West Carrolton, OH — Roberds, the long-struggling furniture, appliance and electronics chain, has ceased operations.

The 29-year-old retailer, which has been operating under Chapter 11 since mid-January, filed a petition for closure on May 2 and has hired a liquidator to conduct a three-month-long going-out-of-business sale set to begin shortly.

President and CEO Melvin Baskin had tried to turn the ailing operation around by seeking bankruptcy protection, closing stores, laying off staff and selling or merging the business. But “despite every imaginable effort,” he said, “we were unable to pull out of Chapter 11 within the 90-day timeline we established.” He said that Roberds finally threw in the towel when major vendors were unwilling to extend it further credit and merchandise began drying up. Also forcing the issue was a U.S. Bankruptcy Court trustee who last month moved to have the merchant face possible court-ordered liquidation.

Roberds will be filing monthly financial reports in the bankruptcy case, and has requested permission to file those same reports with the Securities and Exchange Commission in lieu of its regular quarterly and annual statements. Baskin said the company couldn’t predict how much cash it would raise from the liquidation of its inventory and properties, nor how much money will be available to pay its creditors and shareholders.
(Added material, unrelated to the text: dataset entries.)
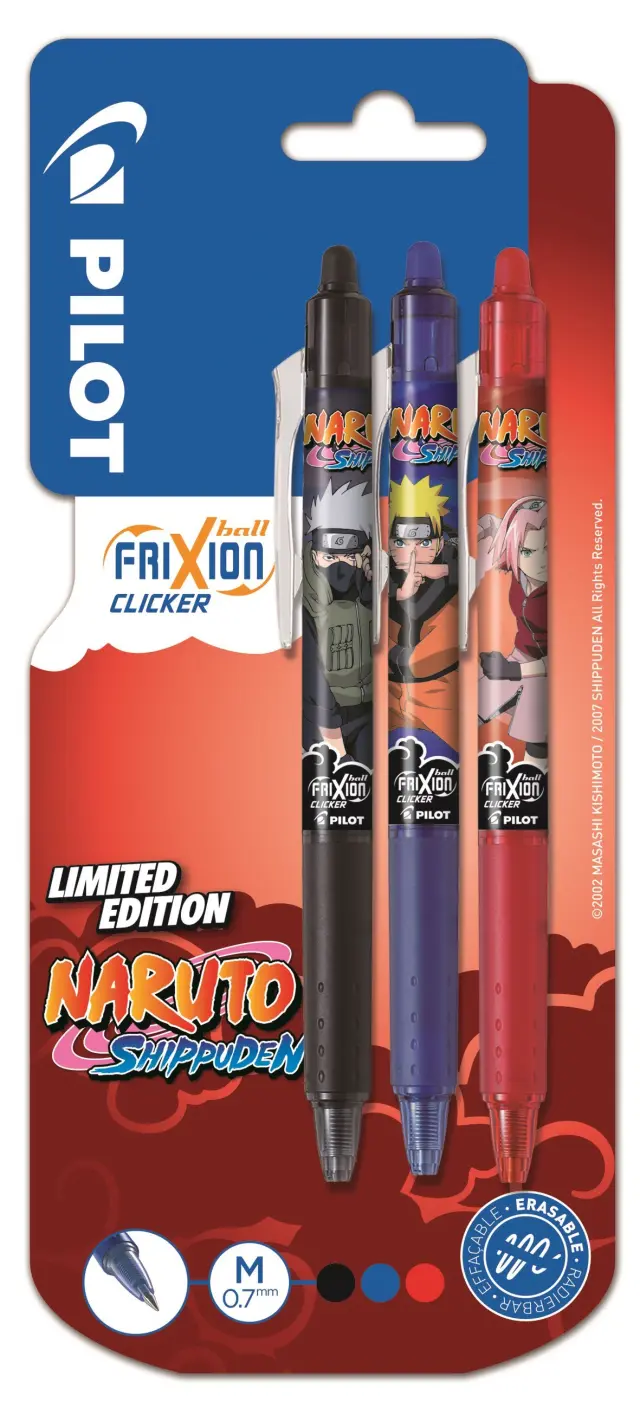 Pilot - Frixion Clicker w-click Naruto 0,7 ass (3) - Office and School Supplies
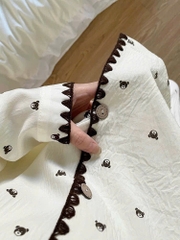 SET DÀI PIJAMA GẤU VIỀN LEN NỮ THU ĐÔNG SẴN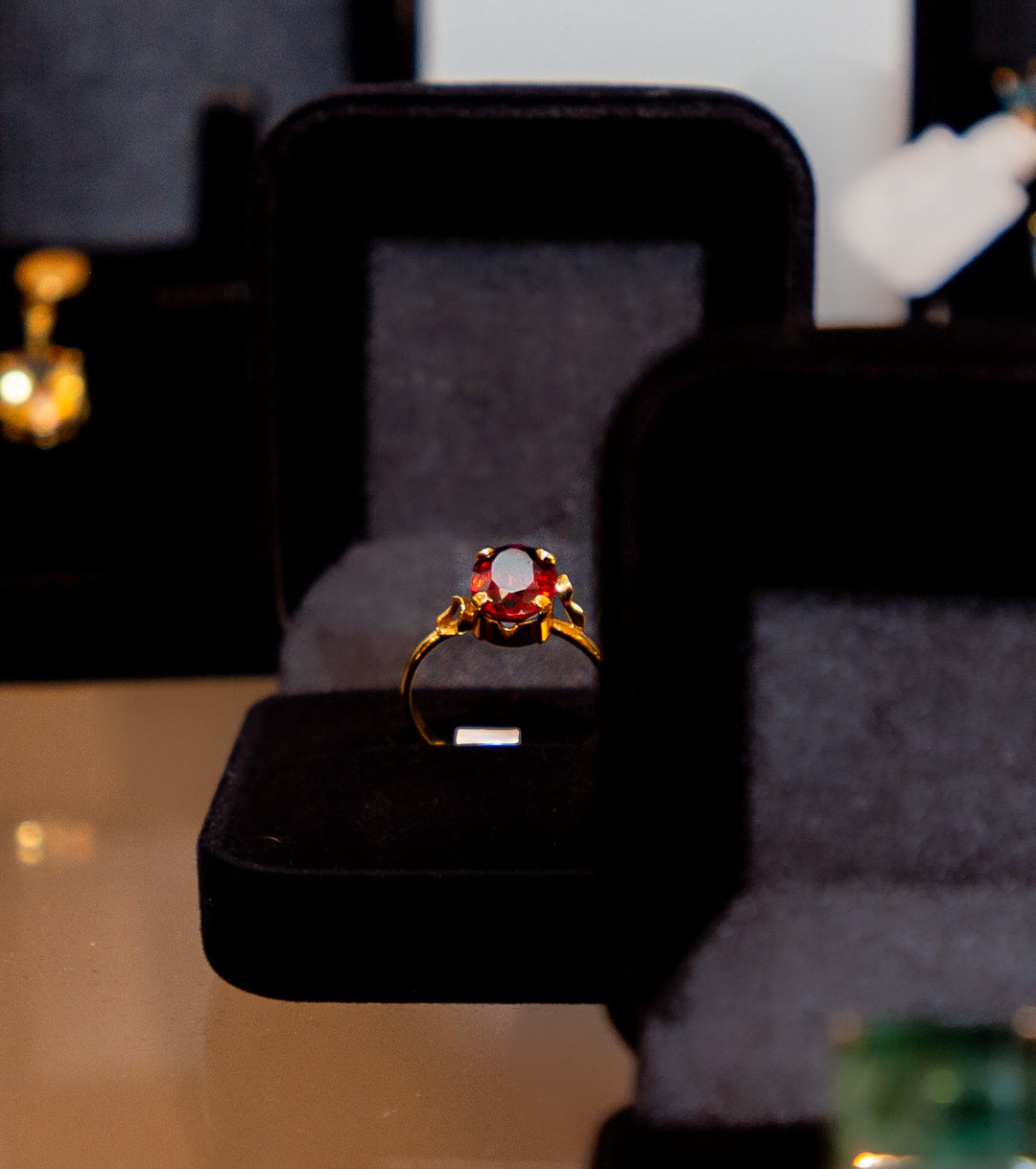 Garnet Ring - Solid 14k Gold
Roberds has temporarily closed all of its remaining stores and distribution centers in preparation for the liquidation sale, affecting some 1,300 employees in seven Ohio and eight Georgia locations. Most of the store and distribution staff will be offered interim employment with the liquidator, and Roberds has solicited the aid of its host states to provide job search assistance, the retailer said.

Losses averaging $1 million a month from January 1998 through September 1999 prompted Roberds to seek Chapter 11 protection earlier this year, and to close or sell 10 of its 24 stores, including its three-year-old, 250,000-square-foot flagship megastore in Cincinnati, OH. “It finally became a matter of company survival in a very competitive industry,” Baskin said at the time, citing a $21 million loss for the 21-month period. “We have made numerous efforts to save Roberds, but no company can sustain these loses for an extended period of time.”

In announcing the company’s demise, which he attributed to increased competition from national electronics and home improvement chains, Baskin noted that Roberds “launched a new era for the furniture and appliance industry in our markets. We responded to the needs of customers and built an operation designed around customer service. With that, Roberds will leave a powerful legacy.”

Roberds, a member of the NATM buying group, reported sales of $287 million in 1999. It ranked 82 on the TWICE Top 100 CE Retail Registry, and was the nation’s 20th largest majap dealer according to TWICE’s Major Appliance Retail Registry.